My dear Sir: Having been granted leave of absence from the kitchen, and a thought too willingly for my Self-esteem, for it puts me in mind that Mrs Dewdney does not greatly love to have me there at her heels, I now have the pleasure to send you my loving Duty, together with such odds and ends of gossip as I hope may amuse you. There have been doings a-plenty in the Fee, much wantonness having come to light, and in the sequel a pretty uproar, so that indeed there are like to be heads broken unless you soon return to restore order and peace among us. But this is no way to tell a tale, so I must acquaint you first with the cause of it all, which is that a fellow that squats upon the Common, Noke his name, hath got Erasmus Bailey the innkeeper’s daughter with child. It seems the young woman contriv’d to carry her secret a full five months, and would so have persisted till the very day of her delivery, I dare wager, had not a sudden jealousy prickt her on to this untimely disclosure: I say untimely, not as condoning her sin, but rather to present the opinion which she in her stubborn fear must have held of the matter, forgetting, poor child, that from our Saviour and Judge there can be no concealment, and that to escape the world’s censure is scarce worth the contriving. She is, as to appearance, a quiet and comely wench, and you would have said a modest one, but I fear it must make her guilt the deeper that she hath gotten some semblance of education and refinement from her father’s teaching, who, as you may know, is not unletter’d, though his manners accord, as they should, with his humble station.
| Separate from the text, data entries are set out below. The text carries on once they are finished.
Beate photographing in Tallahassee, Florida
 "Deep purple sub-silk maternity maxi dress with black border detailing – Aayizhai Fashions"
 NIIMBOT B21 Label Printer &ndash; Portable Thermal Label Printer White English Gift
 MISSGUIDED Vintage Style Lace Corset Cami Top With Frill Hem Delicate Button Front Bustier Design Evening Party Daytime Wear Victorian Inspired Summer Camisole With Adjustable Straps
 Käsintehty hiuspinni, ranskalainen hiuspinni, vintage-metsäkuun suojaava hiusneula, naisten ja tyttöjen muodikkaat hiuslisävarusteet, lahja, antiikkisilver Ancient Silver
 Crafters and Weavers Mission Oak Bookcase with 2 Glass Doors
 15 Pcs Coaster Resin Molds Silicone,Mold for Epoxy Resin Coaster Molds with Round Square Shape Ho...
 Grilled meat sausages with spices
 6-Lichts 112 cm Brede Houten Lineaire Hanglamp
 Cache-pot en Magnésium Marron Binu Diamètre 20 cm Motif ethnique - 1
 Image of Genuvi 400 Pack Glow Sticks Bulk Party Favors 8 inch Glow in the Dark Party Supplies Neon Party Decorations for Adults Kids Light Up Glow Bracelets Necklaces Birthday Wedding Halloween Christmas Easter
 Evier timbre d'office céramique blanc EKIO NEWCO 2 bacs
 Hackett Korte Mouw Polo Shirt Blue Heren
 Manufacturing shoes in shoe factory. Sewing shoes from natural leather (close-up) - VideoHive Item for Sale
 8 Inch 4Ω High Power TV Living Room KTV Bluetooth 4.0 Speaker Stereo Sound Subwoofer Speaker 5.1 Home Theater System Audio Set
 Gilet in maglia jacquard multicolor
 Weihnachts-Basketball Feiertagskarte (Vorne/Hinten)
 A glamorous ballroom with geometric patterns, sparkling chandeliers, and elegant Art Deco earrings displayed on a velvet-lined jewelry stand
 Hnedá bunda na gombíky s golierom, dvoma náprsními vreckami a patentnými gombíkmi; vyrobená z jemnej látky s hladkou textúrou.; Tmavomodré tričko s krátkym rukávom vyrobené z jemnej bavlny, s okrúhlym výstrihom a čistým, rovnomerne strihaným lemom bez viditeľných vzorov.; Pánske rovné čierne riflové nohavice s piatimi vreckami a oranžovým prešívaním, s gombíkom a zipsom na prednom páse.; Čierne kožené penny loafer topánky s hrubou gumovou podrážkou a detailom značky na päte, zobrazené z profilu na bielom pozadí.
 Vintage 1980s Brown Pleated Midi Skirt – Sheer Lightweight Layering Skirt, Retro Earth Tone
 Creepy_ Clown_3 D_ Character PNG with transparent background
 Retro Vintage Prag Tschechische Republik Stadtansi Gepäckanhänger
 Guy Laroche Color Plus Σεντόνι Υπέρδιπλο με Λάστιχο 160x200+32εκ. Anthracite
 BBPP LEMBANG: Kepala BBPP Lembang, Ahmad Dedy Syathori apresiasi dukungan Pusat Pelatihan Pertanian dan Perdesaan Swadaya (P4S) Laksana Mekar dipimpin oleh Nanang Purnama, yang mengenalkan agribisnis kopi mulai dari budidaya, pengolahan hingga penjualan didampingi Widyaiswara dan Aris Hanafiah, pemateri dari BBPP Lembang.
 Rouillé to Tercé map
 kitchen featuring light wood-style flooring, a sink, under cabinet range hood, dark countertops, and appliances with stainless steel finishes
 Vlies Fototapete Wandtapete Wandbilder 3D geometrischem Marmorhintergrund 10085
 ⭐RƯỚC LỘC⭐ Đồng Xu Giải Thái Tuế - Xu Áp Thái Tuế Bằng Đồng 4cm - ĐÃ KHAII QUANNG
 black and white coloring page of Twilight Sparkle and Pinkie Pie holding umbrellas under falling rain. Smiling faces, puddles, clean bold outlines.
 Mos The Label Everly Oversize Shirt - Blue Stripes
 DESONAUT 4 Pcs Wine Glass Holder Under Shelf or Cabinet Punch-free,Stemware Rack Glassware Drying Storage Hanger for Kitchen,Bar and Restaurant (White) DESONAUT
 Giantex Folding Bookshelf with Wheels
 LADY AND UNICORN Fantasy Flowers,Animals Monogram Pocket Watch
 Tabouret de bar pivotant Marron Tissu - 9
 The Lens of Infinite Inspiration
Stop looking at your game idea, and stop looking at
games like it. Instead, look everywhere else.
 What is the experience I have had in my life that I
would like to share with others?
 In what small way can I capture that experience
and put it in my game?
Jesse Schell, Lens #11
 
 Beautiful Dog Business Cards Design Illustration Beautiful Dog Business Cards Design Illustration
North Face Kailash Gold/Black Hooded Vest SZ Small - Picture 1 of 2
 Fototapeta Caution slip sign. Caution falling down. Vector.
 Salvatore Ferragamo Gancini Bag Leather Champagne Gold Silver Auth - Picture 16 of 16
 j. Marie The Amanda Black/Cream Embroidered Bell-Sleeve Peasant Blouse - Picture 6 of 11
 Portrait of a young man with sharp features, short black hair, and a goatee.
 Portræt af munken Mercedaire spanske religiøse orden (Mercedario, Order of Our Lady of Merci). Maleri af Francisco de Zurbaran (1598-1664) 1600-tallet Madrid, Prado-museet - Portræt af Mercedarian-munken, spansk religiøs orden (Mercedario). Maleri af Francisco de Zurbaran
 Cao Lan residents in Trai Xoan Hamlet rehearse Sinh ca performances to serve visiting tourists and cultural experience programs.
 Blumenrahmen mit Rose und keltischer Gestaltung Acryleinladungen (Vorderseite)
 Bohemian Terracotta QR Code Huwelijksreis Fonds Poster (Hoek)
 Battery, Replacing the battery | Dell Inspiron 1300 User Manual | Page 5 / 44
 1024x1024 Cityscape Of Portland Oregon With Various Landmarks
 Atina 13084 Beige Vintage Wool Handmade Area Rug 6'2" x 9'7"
Well, to make no more words of it, it seems that this Letitia Bailey, or Tisha as they call her hereabouts, surpris’d her paramour in the arms of Mykelborne the wheelwright’s daughter, and liked the sight so ill that she must needs blurt out the whole story and publish her own dishonour to the world, or, what is the same thing, to her mother: the which worthy woman rounds upon Bailey, declaring “that if he is half a man, which she begs leave to doubt, he will take a horsewhip to the villain and see that he makes an honest woman of their daughter.” I was not, you must understand, privy to this dialogue, but I can pretty well vouch for madam’s style of conversation, having had, in these last days, a sufficient taste of it.